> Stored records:
****

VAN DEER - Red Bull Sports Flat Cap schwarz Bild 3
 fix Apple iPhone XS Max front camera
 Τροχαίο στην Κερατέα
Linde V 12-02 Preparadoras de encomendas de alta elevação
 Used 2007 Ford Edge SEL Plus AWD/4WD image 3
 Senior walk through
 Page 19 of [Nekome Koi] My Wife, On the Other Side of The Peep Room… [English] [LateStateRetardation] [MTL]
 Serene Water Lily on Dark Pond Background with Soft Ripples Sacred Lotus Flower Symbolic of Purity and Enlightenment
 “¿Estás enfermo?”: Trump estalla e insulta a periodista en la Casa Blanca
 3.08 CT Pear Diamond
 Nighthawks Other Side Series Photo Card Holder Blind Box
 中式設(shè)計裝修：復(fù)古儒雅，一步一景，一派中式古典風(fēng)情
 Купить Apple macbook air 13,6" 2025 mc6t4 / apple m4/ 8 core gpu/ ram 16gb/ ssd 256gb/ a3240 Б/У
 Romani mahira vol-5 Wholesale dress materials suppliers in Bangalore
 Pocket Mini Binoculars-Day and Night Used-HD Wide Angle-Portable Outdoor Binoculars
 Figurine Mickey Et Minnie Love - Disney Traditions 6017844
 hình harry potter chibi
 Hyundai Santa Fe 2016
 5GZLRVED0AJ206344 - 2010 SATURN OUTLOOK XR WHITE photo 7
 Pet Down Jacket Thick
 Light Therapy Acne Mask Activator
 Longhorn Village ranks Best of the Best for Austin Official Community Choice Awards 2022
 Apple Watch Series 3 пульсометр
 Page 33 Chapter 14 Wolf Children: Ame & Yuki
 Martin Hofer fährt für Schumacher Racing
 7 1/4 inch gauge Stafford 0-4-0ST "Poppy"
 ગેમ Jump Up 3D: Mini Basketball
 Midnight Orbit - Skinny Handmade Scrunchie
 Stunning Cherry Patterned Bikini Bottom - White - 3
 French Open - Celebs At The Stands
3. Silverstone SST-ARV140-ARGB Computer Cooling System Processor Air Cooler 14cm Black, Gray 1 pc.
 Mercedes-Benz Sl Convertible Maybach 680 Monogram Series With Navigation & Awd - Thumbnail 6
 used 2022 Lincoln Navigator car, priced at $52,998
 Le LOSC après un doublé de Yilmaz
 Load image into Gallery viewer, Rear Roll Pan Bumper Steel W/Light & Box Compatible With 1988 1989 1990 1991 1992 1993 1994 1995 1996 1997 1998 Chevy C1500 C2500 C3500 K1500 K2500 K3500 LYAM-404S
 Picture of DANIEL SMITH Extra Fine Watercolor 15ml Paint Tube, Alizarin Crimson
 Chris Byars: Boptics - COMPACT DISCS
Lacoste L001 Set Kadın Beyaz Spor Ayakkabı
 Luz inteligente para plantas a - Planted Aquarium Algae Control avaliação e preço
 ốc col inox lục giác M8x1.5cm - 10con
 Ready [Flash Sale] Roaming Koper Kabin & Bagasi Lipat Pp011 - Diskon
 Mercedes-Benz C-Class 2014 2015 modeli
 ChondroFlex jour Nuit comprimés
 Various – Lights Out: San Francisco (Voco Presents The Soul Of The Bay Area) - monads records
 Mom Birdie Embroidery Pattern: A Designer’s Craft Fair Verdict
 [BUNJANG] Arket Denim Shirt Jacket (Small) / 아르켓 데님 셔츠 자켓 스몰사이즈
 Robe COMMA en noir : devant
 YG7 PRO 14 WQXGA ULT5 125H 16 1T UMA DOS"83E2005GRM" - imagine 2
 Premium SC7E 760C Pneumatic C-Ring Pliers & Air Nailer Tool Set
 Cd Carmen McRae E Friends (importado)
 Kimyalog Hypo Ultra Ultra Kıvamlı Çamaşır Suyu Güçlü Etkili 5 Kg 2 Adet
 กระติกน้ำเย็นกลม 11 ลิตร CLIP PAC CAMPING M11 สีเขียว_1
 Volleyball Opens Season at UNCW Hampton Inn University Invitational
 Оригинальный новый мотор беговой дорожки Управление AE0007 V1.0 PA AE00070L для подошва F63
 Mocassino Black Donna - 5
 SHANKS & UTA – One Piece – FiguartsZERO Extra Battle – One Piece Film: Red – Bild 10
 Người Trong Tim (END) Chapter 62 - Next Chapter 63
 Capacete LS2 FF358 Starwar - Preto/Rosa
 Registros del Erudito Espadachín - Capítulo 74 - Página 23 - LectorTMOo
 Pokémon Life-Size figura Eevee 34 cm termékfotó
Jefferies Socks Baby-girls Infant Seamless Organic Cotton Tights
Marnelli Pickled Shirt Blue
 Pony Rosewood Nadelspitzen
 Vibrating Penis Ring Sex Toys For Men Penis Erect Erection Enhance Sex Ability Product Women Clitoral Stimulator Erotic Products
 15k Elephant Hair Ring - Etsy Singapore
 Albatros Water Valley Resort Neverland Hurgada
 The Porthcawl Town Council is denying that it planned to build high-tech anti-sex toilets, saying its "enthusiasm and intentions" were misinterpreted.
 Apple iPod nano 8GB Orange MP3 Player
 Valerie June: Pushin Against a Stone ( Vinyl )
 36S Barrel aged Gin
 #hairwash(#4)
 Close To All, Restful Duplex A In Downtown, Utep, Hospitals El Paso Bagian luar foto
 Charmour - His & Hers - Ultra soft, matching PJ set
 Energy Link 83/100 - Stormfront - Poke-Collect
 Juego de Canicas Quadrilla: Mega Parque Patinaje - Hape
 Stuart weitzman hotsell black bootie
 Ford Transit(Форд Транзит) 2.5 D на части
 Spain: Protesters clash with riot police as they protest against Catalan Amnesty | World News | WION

****

Copy out every record exactly.

VAN DEER - Red Bull Sports Flat Cap schwarz Bild 3
 fix Apple iPhone XS Max front camera
 Τροχαίο στην Κερατέα
Linde V 12-02 Preparadoras de encomendas de alta elevação
 Used 2007 Ford Edge SEL Plus AWD/4WD image 3
 Senior walk through
 Page 19 of [Nekome Koi] My Wife, On the Other Side of The Peep Room… [English] [LateStateRetardation] [MTL]
 Serene Water Lily on Dark Pond Background with Soft Ripples Sacred Lotus Flower Symbolic of Purity and Enlightenment
 “¿Estás enfermo?”: Trump estalla e insulta a periodista en la Casa Blanca
 3.08 CT Pear Diamond
 Nighthawks Other Side Series Photo Card Holder Blind Box
 中式設(shè)計裝修：復(fù)古儒雅，一步一景，一派中式古典風(fēng)情
 Купить Apple macbook air 13,6" 2025 mc6t4 / apple m4/ 8 core gpu/ ram 16gb/ ssd 256gb/ a3240 Б/У
 Romani mahira vol-5 Wholesale dress materials suppliers in Bangalore
 Pocket Mini Binoculars-Day and Night Used-HD Wide Angle-Portable Outdoor Binoculars
 Figurine Mickey Et Minnie Love - Disney Traditions 6017844
 hình harry potter chibi
 Hyundai Santa Fe 2016
 5GZLRVED0AJ206344 - 2010 SATURN OUTLOOK XR WHITE photo 7
 Pet Down Jacket Thick
 Light Therapy Acne Mask Activator
 Longhorn Village ranks Best of the Best for Austin Official Community Choice Awards 2022
 Apple Watch Series 3 пульсометр
 Page 33 Chapter 14 Wolf Children: Ame & Yuki
 Martin Hofer fährt für Schumacher Racing
 7 1/4 inch gauge Stafford 0-4-0ST "Poppy"
 ગેમ Jump Up 3D: Mini Basketball
 Midnight Orbit - Skinny Handmade Scrunchie
 Stunning Cherry Patterned Bikini Bottom - White - 3
 French Open - Celebs At The Stands
3. Silverstone SST-ARV140-ARGB Computer Cooling System Processor Air Cooler 14cm Black, Gray 1 pc.
 Mercedes-Benz Sl Convertible Maybach 680 Monogram Series With Navigation & Awd - Thumbnail 6
 used 2022 Lincoln Navigator car, priced at $52,998
 Le LOSC après un doublé de Yilmaz
 Load image into Gallery viewer, Rear Roll Pan Bumper Steel W/Light & Box Compatible With 1988 1989 1990 1991 1992 1993 1994 1995 1996 1997 1998 Chevy C1500 C2500 C3500 K1500 K2500 K3500 LYAM-404S
 Picture of DANIEL SMITH Extra Fine Watercolor 15ml Paint Tube, Alizarin Crimson
 Chris Byars: Boptics - COMPACT DISCS
Lacoste L001 Set Kadın Beyaz Spor Ayakkabı
 Luz inteligente para plantas a - Planted Aquarium Algae Control avaliação e preço
 ốc col inox lục giác M8x1.5cm - 10con
 Ready [Flash Sale] Roaming Koper Kabin & Bagasi Lipat Pp011 - Diskon
 Mercedes-Benz C-Class 2014 2015 modeli
 ChondroFlex jour Nuit comprimés
 Various – Lights Out: San Francisco (Voco Presents The Soul Of The Bay Area) - monads records
 Mom Birdie Embroidery Pattern: A Designer’s Craft Fair Verdict
 [BUNJANG] Arket Denim Shirt Jacket (Small) / 아르켓 데님 셔츠 자켓 스몰사이즈
 Robe COMMA en noir : devant
 YG7 PRO 14 WQXGA ULT5 125H 16 1T UMA DOS"83E2005GRM" - imagine 2
 Premium SC7E 760C Pneumatic C-Ring Pliers & Air Nailer Tool Set
 Cd Carmen McRae E Friends (importado)
 Kimyalog Hypo Ultra Ultra Kıvamlı Çamaşır Suyu Güçlü Etkili 5 Kg 2 Adet
 กระติกน้ำเย็นกลม 11 ลิตร CLIP PAC CAMPING M11 สีเขียว_1
 Volleyball Opens Season at UNCW Hampton Inn University Invitational
 Оригинальный новый мотор беговой дорожки Управление AE0007 V1.0 PA AE00070L для подошва F63
 Mocassino Black Donna - 5
 SHANKS & UTA – One Piece – FiguartsZERO Extra Battle – One Piece Film: Red – Bild 10
 Người Trong Tim (END) Chapter 62 - Next Chapter 63
 Capacete LS2 FF358 Starwar - Preto/Rosa
 Registros del Erudito Espadachín - Capítulo 74 - Página 23 - LectorTMOo
 Pokémon Life-Size figura Eevee 34 cm termékfotó
Jefferies Socks Baby-girls Infant Seamless Organic Cotton Tights
Marnelli Pickled Shirt Blue
 Pony Rosewood Nadelspitzen
 Vibrating Penis Ring Sex Toys For Men Penis Erect Erection Enhance Sex Ability Product Women Clitoral Stimulator Erotic Products
 15k Elephant Hair Ring - Etsy Singapore
 Albatros Water Valley Resort Neverland Hurgada
 The Porthcawl Town Council is denying that it planned to build high-tech anti-sex toilets, saying its "enthusiasm and intentions" were misinterpreted.
 Apple iPod nano 8GB Orange MP3 Player
 Valerie June: Pushin Against a Stone ( Vinyl )
 36S Barrel aged Gin
 #hairwash(#4)
 Close To All, Restful Duplex A In Downtown, Utep, Hospitals El Paso Bagian luar foto
 Charmour - His & Hers - Ultra soft, matching PJ set
 Energy Link 83/100 - Stormfront - Poke-Collect
 Juego de Canicas Quadrilla: Mega Parque Patinaje - Hape
 Stuart weitzman hotsell black bootie
 Ford Transit(Форд Транзит) 2.5 D на части
 Spain: Protesters clash with riot police as they protest against Catalan Amnesty | World News | WION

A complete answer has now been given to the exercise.